3. Nach diesen Grundsätzen kann der Sachgrund der Gesamtvertretung im Schulbereich nicht schon deswegen verneint werden, weil das Landesschulamt für das beklagte Land einen Bedarf an Vertretungskräften für alle Berliner Schulen gemeinsam und ohne Rücksicht auf den jeweiligen Schultyp ermittelt hat. Nach den Feststellungen des Landesarbeitsgerichts war das Landesschulamt seit dem 1. Februar 1995 aufgrund einer gerichtlich nicht nachprüfbaren Organisationsentscheidung für die Organisation des Lehrereinsatzes für die Berliner Schulen zuständig. Das läßt grundsätzlich eine schultypenunabhängige Ermittlung und einem Ausgleich des Vertretungsbedarfs bei Lehrkräften zu, soweit das Landesschulamt über uneingeschränkte Versetzungs- und Umsetzungsbefugnisse verfügt und imstande ist, Personalüberhänge und Personalbedarfslagen im Schulbereich unabhängig vom jeweiligen Schultyp auszugleichen und dazu die angestellten oder verbeamteten planmäßigen Lehrer ohne Rücksicht auf deren Lehrbefähigung und Status zur Abdeckung eines vorübergehenden Personalbedarfs an allen Berliner Schulen einzusetzen. Dazu hat das Landesarbeitsgericht keine Feststellungen getroffen, weil es von der grundsätzlichen Unwirksamkeit schultypenübergreifender befristeter Vertretungen ausgegangen ist. Es hat folgerichtig nicht geprüft, ob das beklagte Land zum schultypenübergreifenden Einsatz und der fachfremden Verwendung seiner Lehrkräfte zur Abdeckung vorübergehender Bedarfslagen berechtigt ist. Diese Prüfung ist jedoch Voraussetzung für das Eingreifen des Sachgrunds der Gesamtvertretung bei Lehrkräften überhaupt und von dem Landesarbeitsgericht auf der Grundlage entsprechenden Vorbringens des beklagten Landes noch nachzuholen. Kommt es in dem anschließenden Berufungsverfahren, in dem neuer Sachvortrag wieder uneingeschränkt zulässig ist, zu dem Ergebnis, daß ein schultypenübergreifender Ausgleich von Personalüberhängen und Personalbedarfslagen nicht statthaft war, sind die Voraussetzungen für den Sachgrund einer schultypenübergreifenden Gesamtvertretung bei Lehrkräften nicht erfüllt. Darauf gestützte Befristungen sind sachlich nicht gerechtfertigt und damit unwirksam.

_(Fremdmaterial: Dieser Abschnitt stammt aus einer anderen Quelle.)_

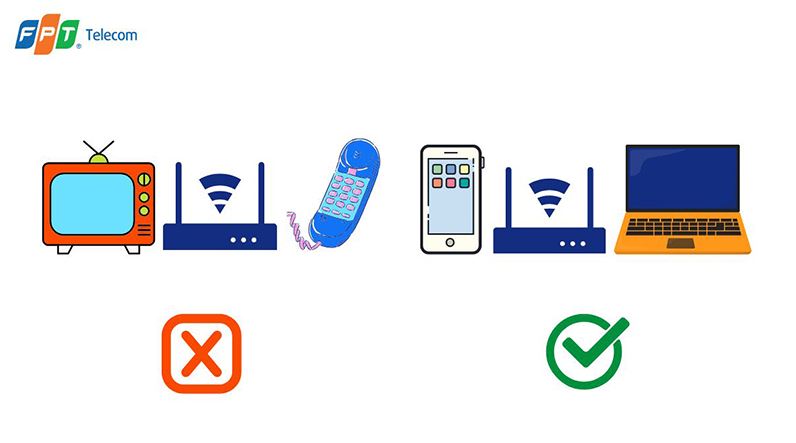 Đặt cục WiFi giữ khoảng cách với các thiết bị điện tử và gương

III. Andernfalls hat das Landesarbeitsgericht den Sachverhalt weiter aufzuklären und folgendes zu beachten:
1. Eine auf den Sachgrund der Gesamtvertretung im Schulbereich gestützte Befristung ist auch nicht deswegen unwirksam, weil das beklagte Land die Vertretungskräfte nicht nur zu Abdeckung eines Spitzenbedarfs eingesetzt und sie ungeachtet ihrer Examensnote eingestellt hat.

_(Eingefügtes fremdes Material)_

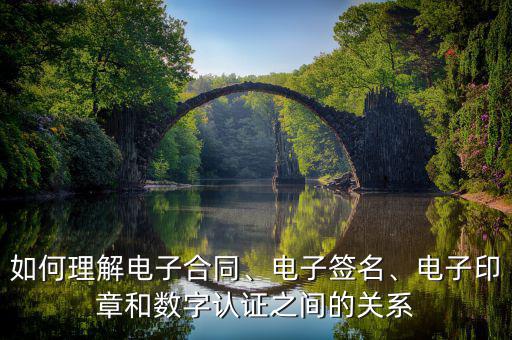 如何理解電子合同、電子簽名、電子印章和數(shù)字認證之間的關(guān)系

a) Der Sachgrund der Gesamtvertretung bei Lehrkräften setzt nicht voraus, daß das beklagte Land den in zulässiger Weise ermittelten Vertretungsbedarf durch die befristete Einstellung von Vertretungskräften völlig abdeckt. Nach den Wertungsmaßstäben dieses Sachgrunds ist es ausreichend, daß zwischen dem zeitweiligen Ausfall einer planmäßigen Lehrkraft und der befristeten Einstellung der Vertretungskraft ein Kausalzusammenhang besteht. Dieser Ursachenzusammenhang bleibt gewahrt, wenn die Zahl der befristet eingestellten Vertretungskräfte einen zutreffend ermittelten Gesamtvertretungsbedarf für planmäßige Lehrkräfte nicht übersteigt (Urteil vom 3. Dezember 1986, aaO). Eine Verpflichtung des Arbeitgebers, Arbeitskräfte entsprechend dem jeweiligen Bedarf zu beschäftigen, besteht nicht und ist auch nicht zum Nachweis des Ursachenzusammenhangs zu verlangen. Diesen hat das Landesarbeitsgericht anhand der vom beklagten Land genannten Daten zur Ermittlung des tatsächlichen Gesamtvertretungsbedarfs zu überprüfen.

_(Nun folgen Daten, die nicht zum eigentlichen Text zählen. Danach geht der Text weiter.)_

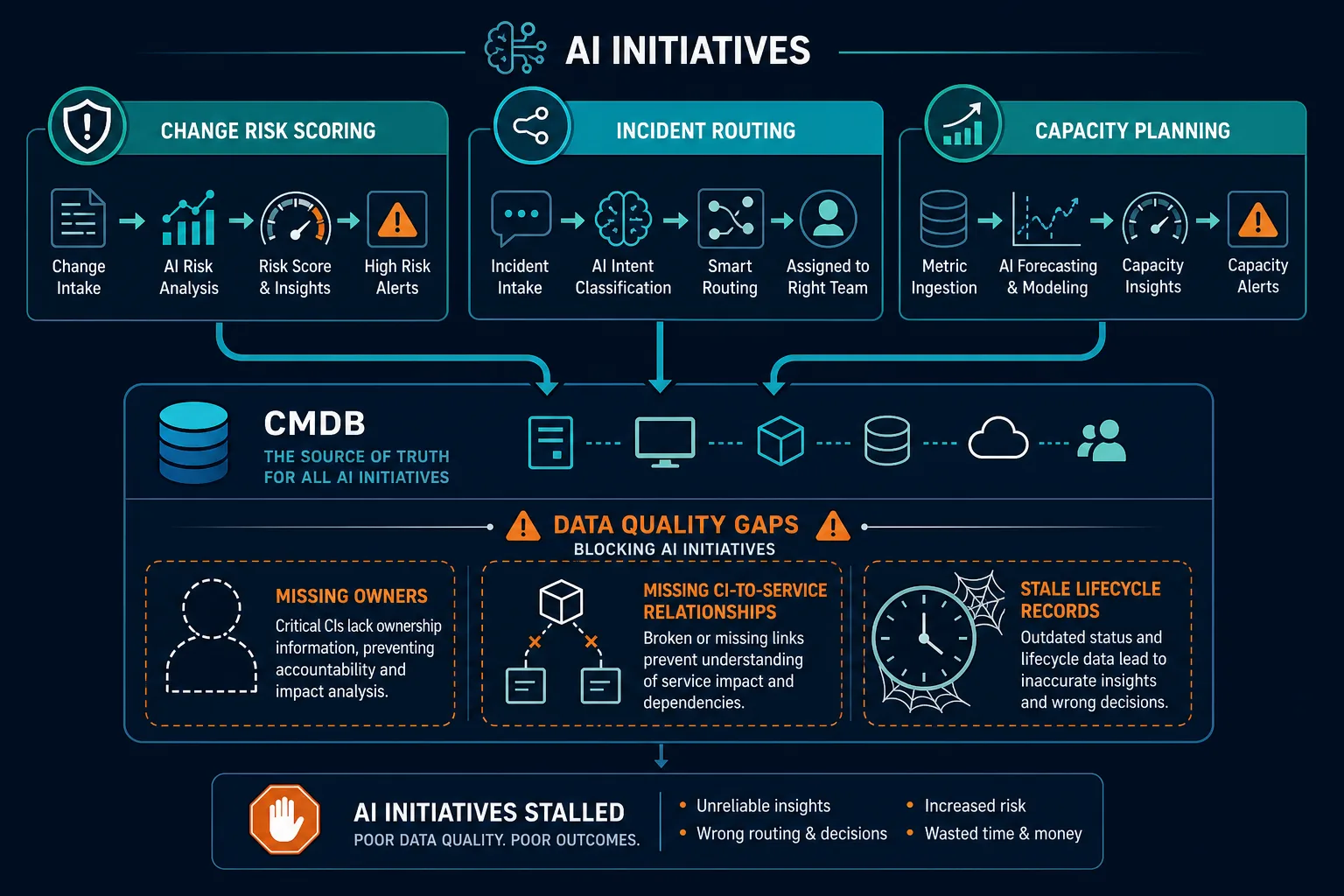 Conceptual Diagram Showing Three Ai Init — Virima Ai Initiative It Runtime Truth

b) Unerheblich ist auch, ob der Arbeitgeber bei der Auswahl von Vertretungskräften fachspezifische Bedarfslagen berücksichtigt, die nicht auf dem Ausfall von Lehrern, sondern auf einer unzureichenden Ausstattung mit planmäßigen Lehrkräften beruhen. Das gilt jedenfalls dann, wenn das beklagte Land nicht daran gehindert ist, für den Unterricht in diesen Fächern vorhandene planmäßige Lehrkräfte fachfremd zu verwenden. Insoweit verbleibt dem beklagten Land als Arbeitgeber die Entscheidung, ob und welche Arbeitsaufgaben von den Vertretungskräften erledigt werden sollen.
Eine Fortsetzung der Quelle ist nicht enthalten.